Write out each line below precisely, passing over the pictures.

+--

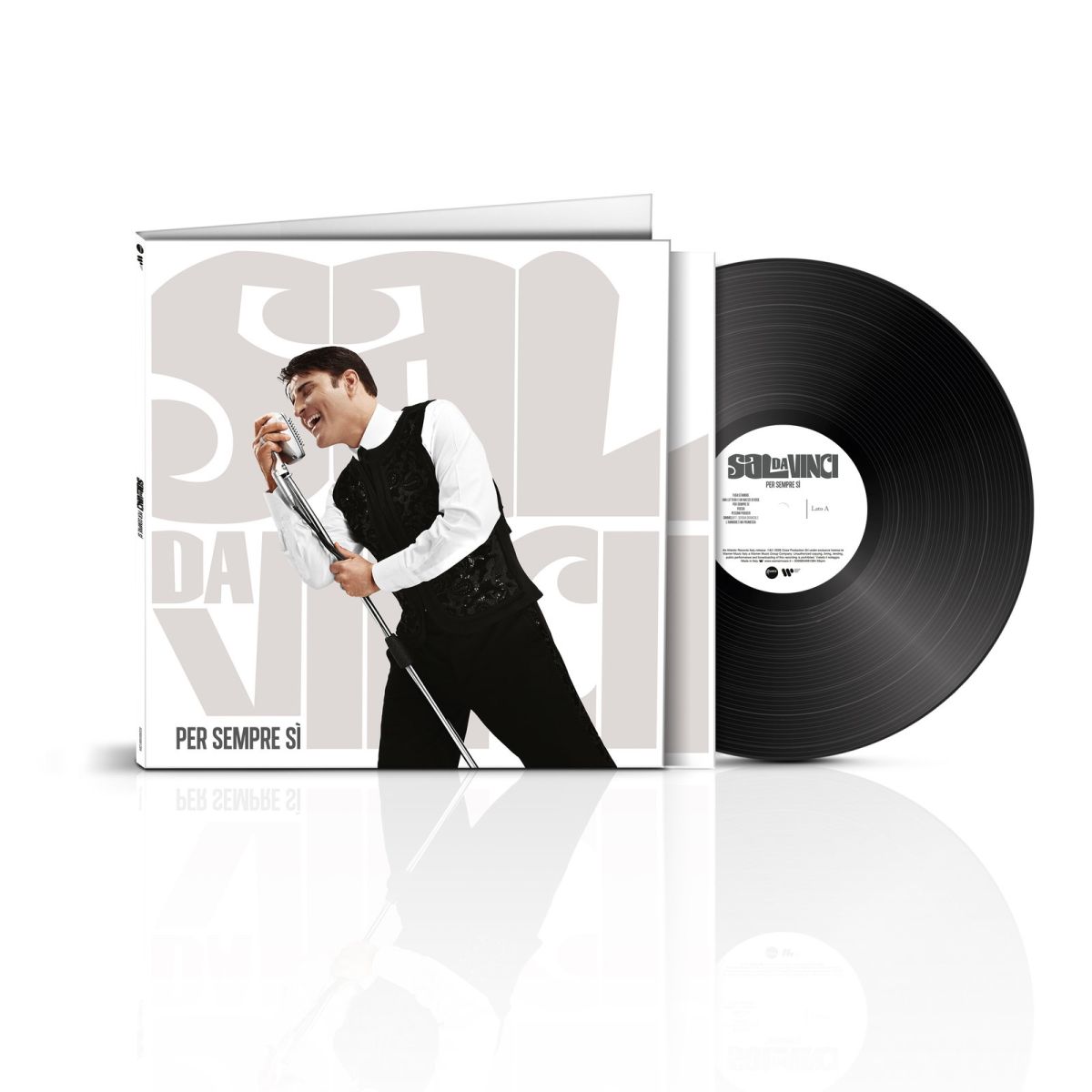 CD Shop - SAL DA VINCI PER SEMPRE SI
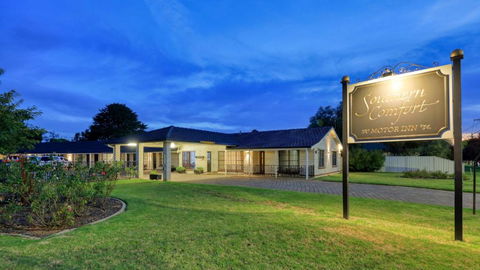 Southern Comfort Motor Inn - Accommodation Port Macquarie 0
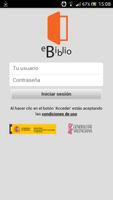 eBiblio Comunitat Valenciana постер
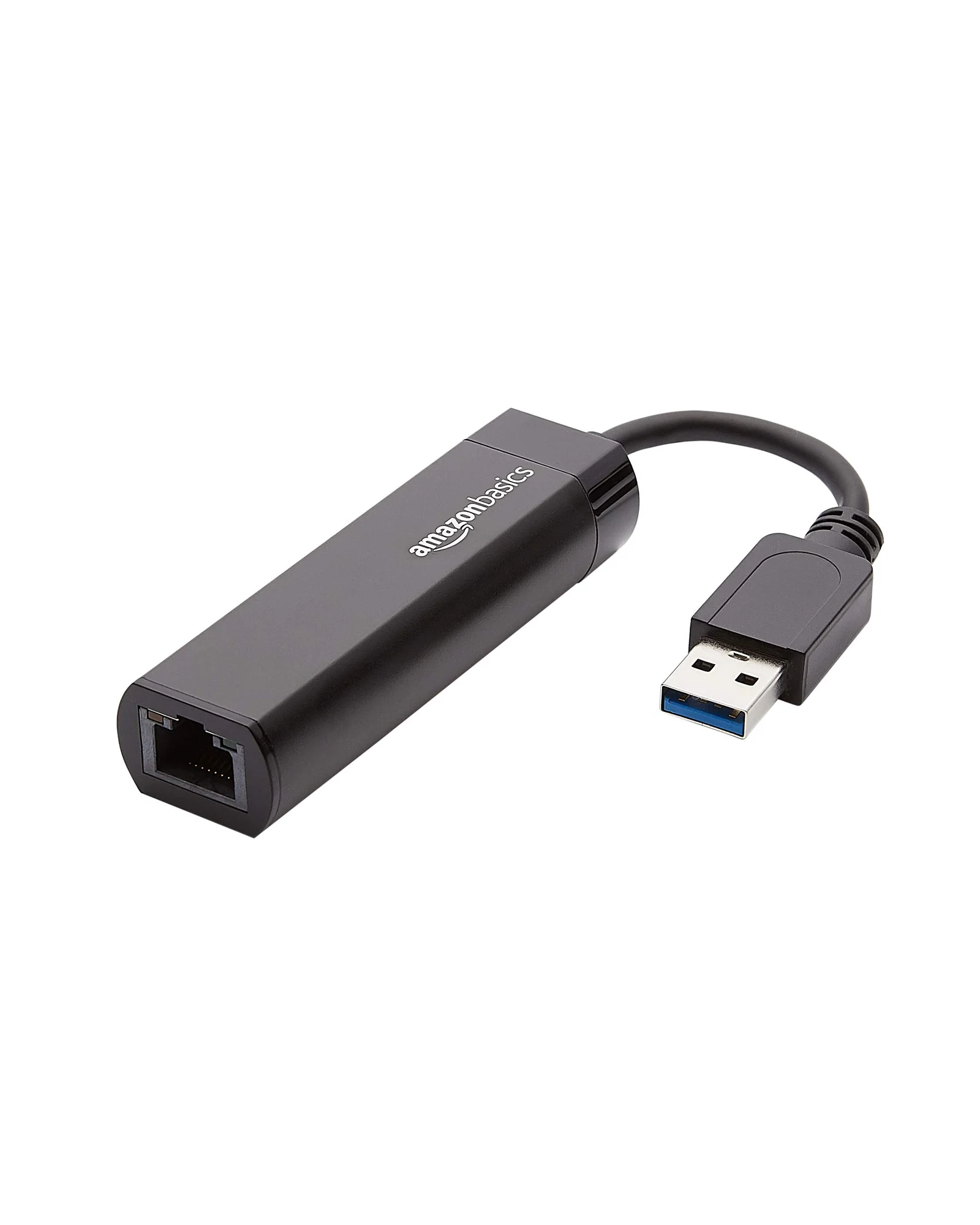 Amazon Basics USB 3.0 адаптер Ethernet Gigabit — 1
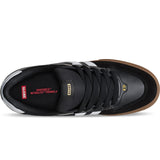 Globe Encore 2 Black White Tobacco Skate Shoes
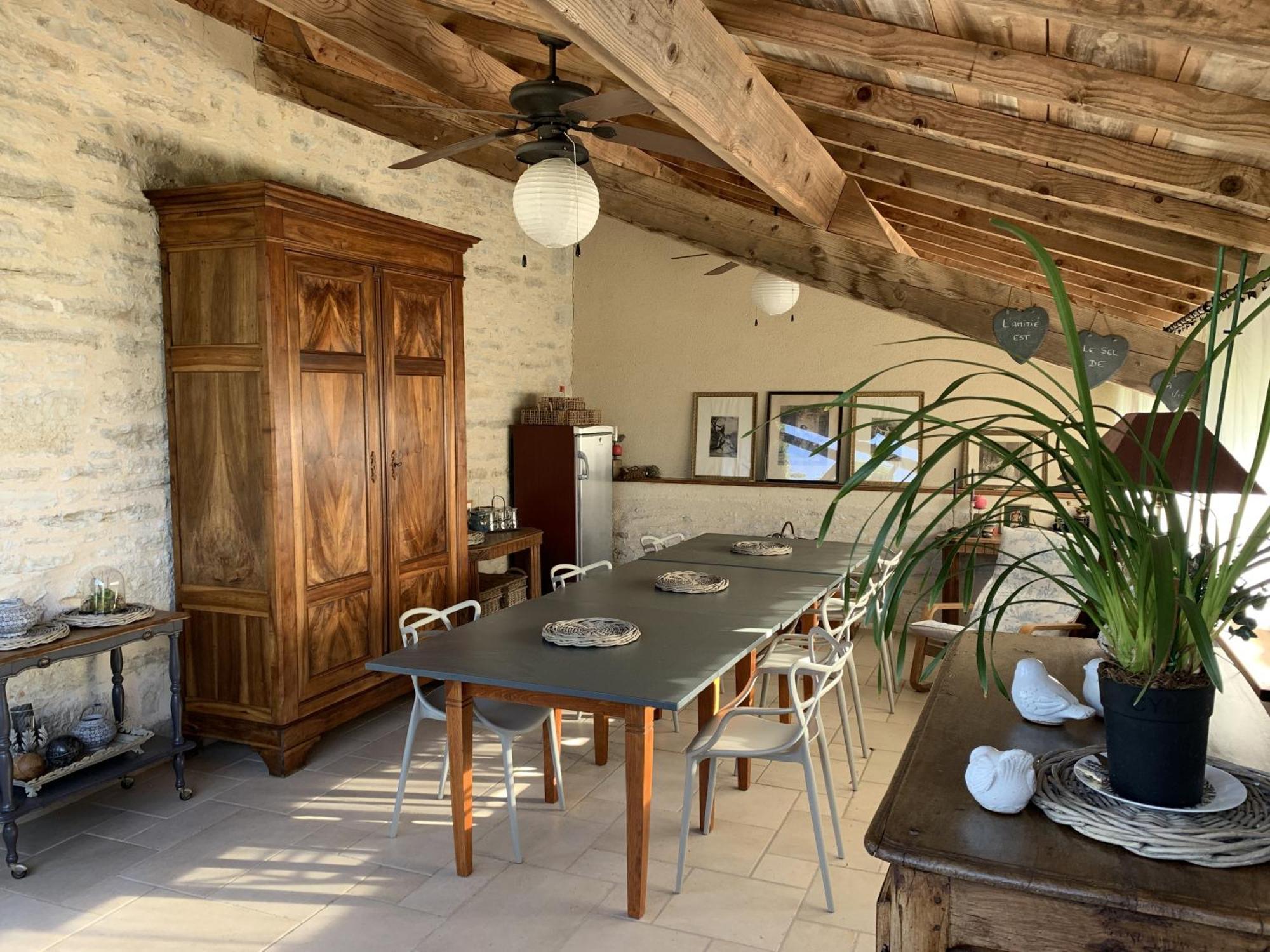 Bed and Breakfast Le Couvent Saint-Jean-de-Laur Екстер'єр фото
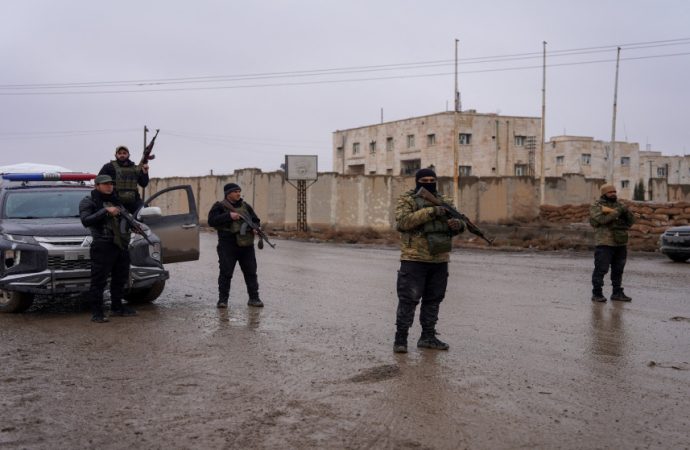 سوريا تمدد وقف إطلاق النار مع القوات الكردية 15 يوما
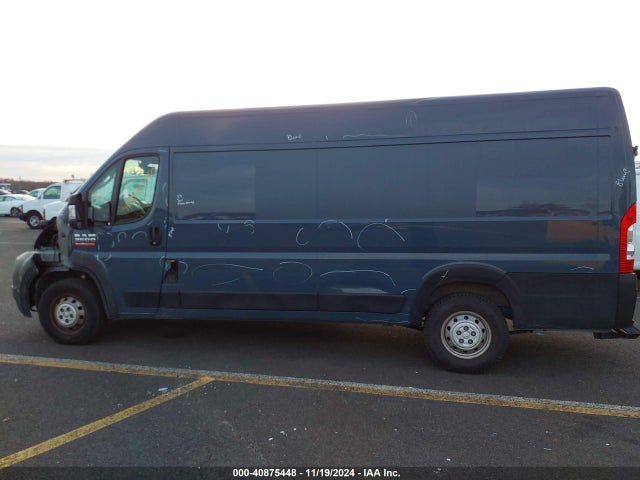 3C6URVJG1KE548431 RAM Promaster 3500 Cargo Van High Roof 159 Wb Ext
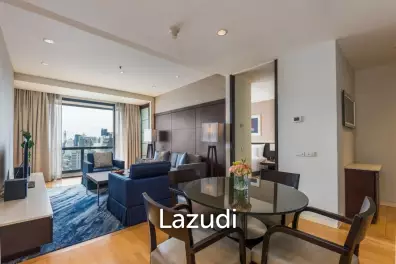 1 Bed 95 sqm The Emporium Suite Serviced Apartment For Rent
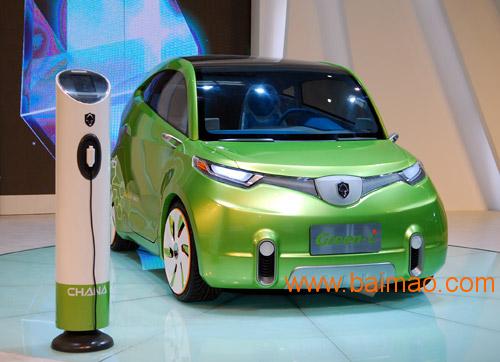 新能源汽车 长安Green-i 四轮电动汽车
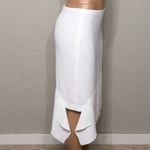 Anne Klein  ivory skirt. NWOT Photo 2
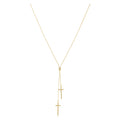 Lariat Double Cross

+--

* [Response]:
 CD Shop - SAL DA VINCI PER SEMPRE SI
 Southern Comfort Motor Inn - Accommodation Port Macquarie 0
 eBiblio Comunitat Valenciana постер
 Amazon Basics USB 3.0 адаптер Ethernet Gigabit — 1
 Globe Encore 2 Black White Tobacco Skate Shoes
 Bed and Breakfast Le Couvent Saint-Jean-de-Laur Екстер'єр фото
 سوريا تمدد وقف إطلاق النار مع القوات الكردية 15 يوما
 3C6URVJG1KE548431 RAM Promaster 3500 Cargo Van High Roof 159 Wb Ext
 1 Bed 95 sqm The Emporium Suite Serviced Apartment For Rent
 新能源汽车 长安Green-i 四轮电动汽车
 Anne Klein  ivory skirt. NWOT Photo 2
 Lariat Double Cross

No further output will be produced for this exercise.